Operative Bank, Limited v. Railway Employees Co-Labour Court, Madras, and Another
1960-04-05
N.RAJAGOPALA AYYANGAR
body1960
DigiLaw.ai
Judgment :- Rajagopala Ayyangar, J. Disposing of W.P. No. 648 of 1959, which was a petition filed under Art. 226 of the Constitution of India by the Railway Employees' Co-operative Bank, Ltd., Park Town, Madras, for the issue of a writ of prohibition prohibiting the presiding officer, labour court, Madras, from proceeding further with the hearing of a claim petition No. 160 of 1959 on its file. That petition was filed by one Jayaraman, who was a workman employed by the bank purporting to be under S.33C(2) of the Industrial Disputes Act, 1947. Before we refer to the allegations in this petition it is necessary to refer to an application made earlier by the Railway Employees' Co-operative Bank State Union, members of which were employees of the bank under S.51 of the Madras Shops and Establishments Act, 1947, for a declaration that the normal hours of work for the employees of the bank shall be 33 1/2 hours a week and that the employees are entitled to overtimes wages in respect of overtime work beyond 33 1/2 hours per week.
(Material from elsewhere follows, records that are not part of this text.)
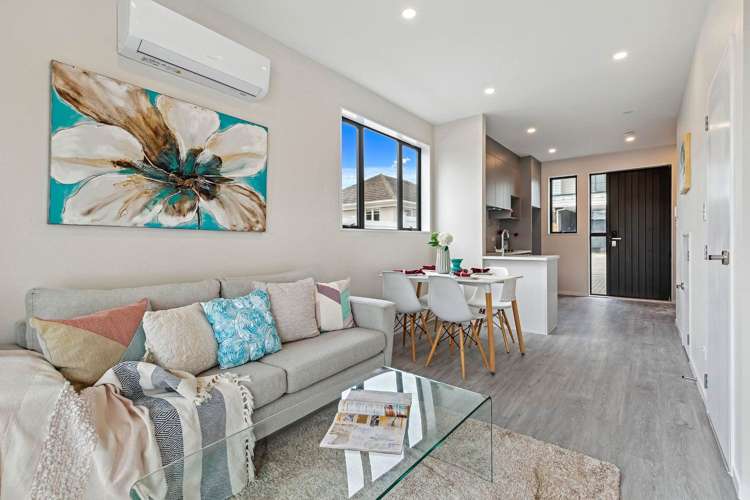 2D Glenford Lane Te Atatu Peninsula_7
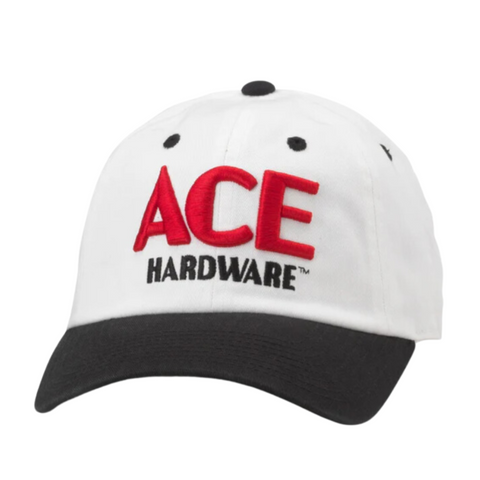 Ace Hardware Ballpark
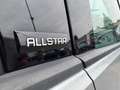 Volkswagen Golf Sportsvan VII Allstar BMT/Start-Stopp Argent - thumbnail 11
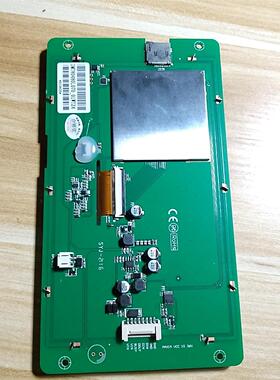 全新/二手DMT80480L070-01WTZ4，议价商品
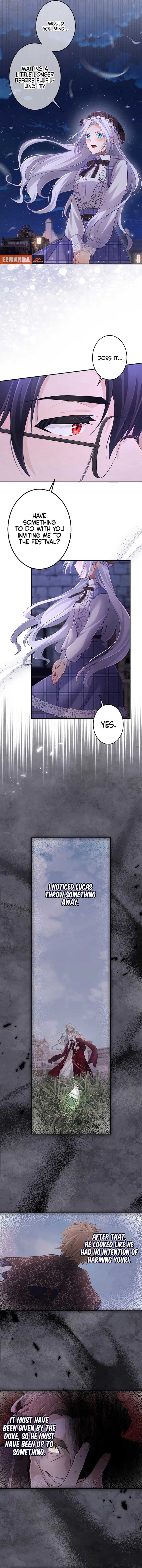 Page https://readmanhwaverse.com/images/your-majesty-i-will-raise-him-this-time/chapter-28/9.jpg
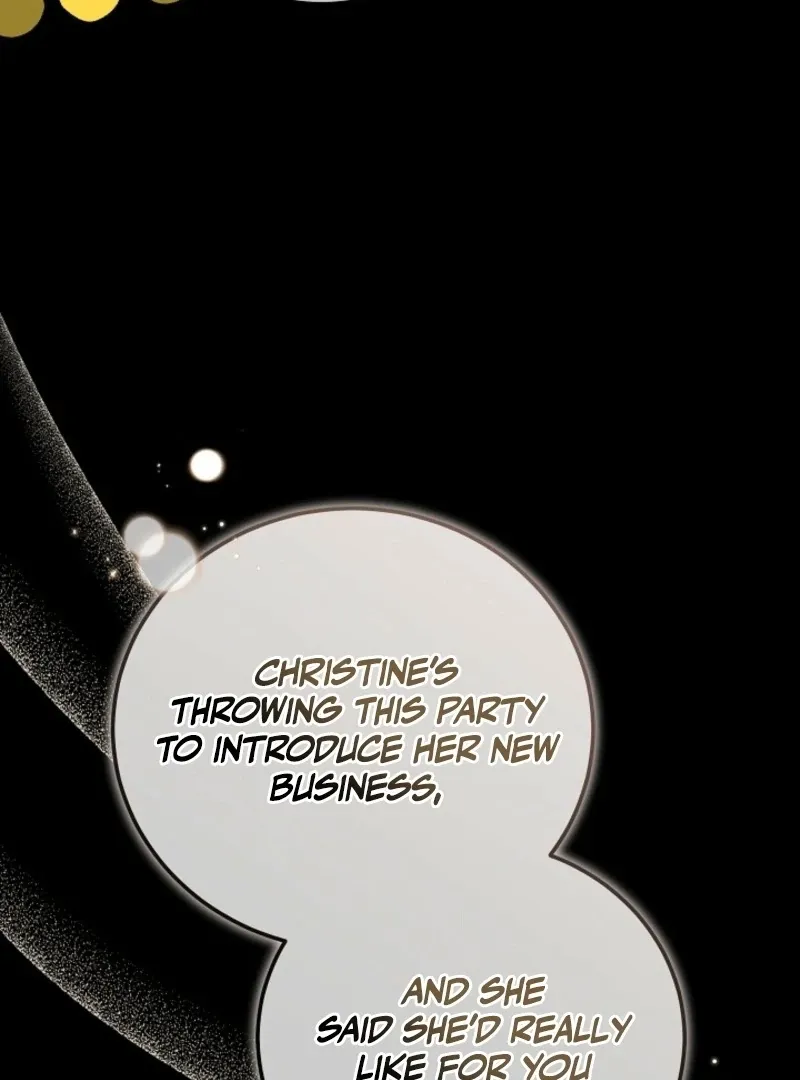 Read 101st Confession chapter 22 image 73 on Lezhin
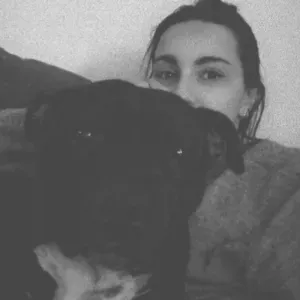 Pet-Sitter situé dans la ville de Reims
The bank's case was that the hours of work for the employees were not fixed and that they were allowed to leave office at about 4-30 p.m. If they had finished the work, but if they did not, they had to remain even after 4-30 p.m. to complete their work. The Commissioner of Labour who is the authority to hear and dispose of applications under this section held that the normal hours of work prior to 1 April 1948 were only 33 1/2 hours per week. As regards the question of overtime wages, he held that the employees were not entitled to any protection under S.50 of the Madras Shops and Establishments Act, 1947, in respect of overtime wages for hours in excess of 33 1/2 hours.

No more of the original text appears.